Regresaba así el capitalismo democrático que había colapsado en los años treinta del siglo XX, hecho que no pocos vieron como definitivo. Frente a ese portento histórico y conceptual, se formaba el mundo del llamado socialismo realmente existente, encabezado por la URSS y su autoritaria visión del comunismo. También, con lenguaje y políticas diferentes, los pueblos convertidos en naciones después del colonialismo, encabezados por las enormes formaciones demográficas y culturales de China e India, buscaban abrirse camino enarbolando el derecho al desarrollo como gran idea-fuerza de una tercera opción dentro de la polaridad peligrosa de la llamada Guerra Fría.

En algunas de las regiones donde se cocía la idea del Tercer Mundo, se vivía una circunstancia postcolonial que llevaba a muchos pueblos a la desesperación que derivaba en violencia y destrucción de Estados que apenas emergían; así lo agudizaron las aventuras guerreristas y crueles de Estados Unidos en Vietnam, en otras latitudes y en buena parte de África, intrusiones que con el mayor descaro eran presentadas como advertencias.

Así caminaba el mundo hasta que a partir de los años setenta del siglo pasado, la inestabilidad llegó y la idea del progreso ininterrumpido junto con una democracia profunda empezó a cuestionarse desde el corazón mismo de aquel capitalismo que no había dejado de festejar sus capacidades. Vinieron las grandes confrontaciones del conflicto estructural con las crisis petroleras, pero también las provenientes del corazón del capitalismo democrático con inflaciones, espectros de estancamiento, movimientos juveniles y contraculturales y la recurrencia a la violencia de los poderes establecidos, siendo las más afectadas las naciones que buscaban emerger para dejar atrás penurias y desolaciones.

La Guerra Fría sirvió como gran pretexto para derruir órdenes políticos que se pretendían democráticos; para ello estaban las fuerzas armadas, supuestamente constitucionales, como ocurrió en Brasil y Chile y luego en modo más que bárbaro en Argentina o Uruguay.

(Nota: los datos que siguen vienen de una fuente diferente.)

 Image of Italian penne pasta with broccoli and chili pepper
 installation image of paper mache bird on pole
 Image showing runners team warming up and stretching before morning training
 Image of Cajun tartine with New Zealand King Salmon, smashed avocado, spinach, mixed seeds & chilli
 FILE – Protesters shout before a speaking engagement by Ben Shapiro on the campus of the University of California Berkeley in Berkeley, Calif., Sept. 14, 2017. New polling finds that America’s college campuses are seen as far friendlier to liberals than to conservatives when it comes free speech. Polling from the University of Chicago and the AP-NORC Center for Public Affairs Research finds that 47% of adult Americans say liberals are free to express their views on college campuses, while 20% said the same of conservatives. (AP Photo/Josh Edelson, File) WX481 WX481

La fragilidad de la gran ecuación de la segunda postguerra, de un capitalismo democrático coherente y consistente quedó en evidencia, como lo cantaron miles en Berlín o París en el inolvidable mayo del 68, y lo confirmaron las crisis globales que no querían ser así adjetivadas, desde los años setenta.

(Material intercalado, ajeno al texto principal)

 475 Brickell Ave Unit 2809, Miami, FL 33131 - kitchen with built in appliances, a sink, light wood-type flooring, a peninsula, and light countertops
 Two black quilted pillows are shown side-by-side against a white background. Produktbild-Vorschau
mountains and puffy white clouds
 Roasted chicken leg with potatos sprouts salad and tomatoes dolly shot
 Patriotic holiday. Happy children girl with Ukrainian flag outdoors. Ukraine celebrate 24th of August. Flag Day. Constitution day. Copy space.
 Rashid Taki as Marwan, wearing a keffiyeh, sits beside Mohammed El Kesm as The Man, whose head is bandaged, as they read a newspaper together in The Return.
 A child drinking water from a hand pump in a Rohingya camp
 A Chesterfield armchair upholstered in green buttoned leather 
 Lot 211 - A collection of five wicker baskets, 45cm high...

La euforia globalista de fin de siglo, alimentada por el desplome de la URSS y el despliegue del mercado que no pocos veían ya como mundial y unificado, fue vista como celebración de un nuevo mundo que irrumpiría gracias a los contextos creados por la innovación tecnológica, la extensión de acuerdos de libre comercio, las nuevas industrializaciones asiáticas, sobre todo en China; finalmente, un mundo libre de “imperfecciones y adiposidades” estatales.

De repente, explotaron las “burbujas” financieras, algunos gigantes de la especulación cayeron y se empezó a hablar de un desplome que podría volverse existencial, histórico. Poco se hizo para corregir abusos y llegó una recuperación lenta y del todo desigual que, al poco caminar, se topó con la peste acompañada por el espectro del estancamiento económico que, ahora sí, podría devenir secular.

Negar estas historias y no querer ver la realidad a que se dan el gobierno y sus corifeos no puede sino enturbiar más un panorama de por sí nublado. Tomar decisiones más allá de 2024, que es lo que debe hacer un Estado nacional e ilustrado digno de tal nombre, no está en el orden del día del grupo gobernante. Al negarse, sofoca lo que le quede de capacidad y voluntad dirigente y se vuelve sospechoso en este mundo tormentoso que no encuentra señales para (re)imaginar salidas de un remolino que no hace sino jalarnos al fondo.

Por lo pronto, hay que aprender a nadar de pecho.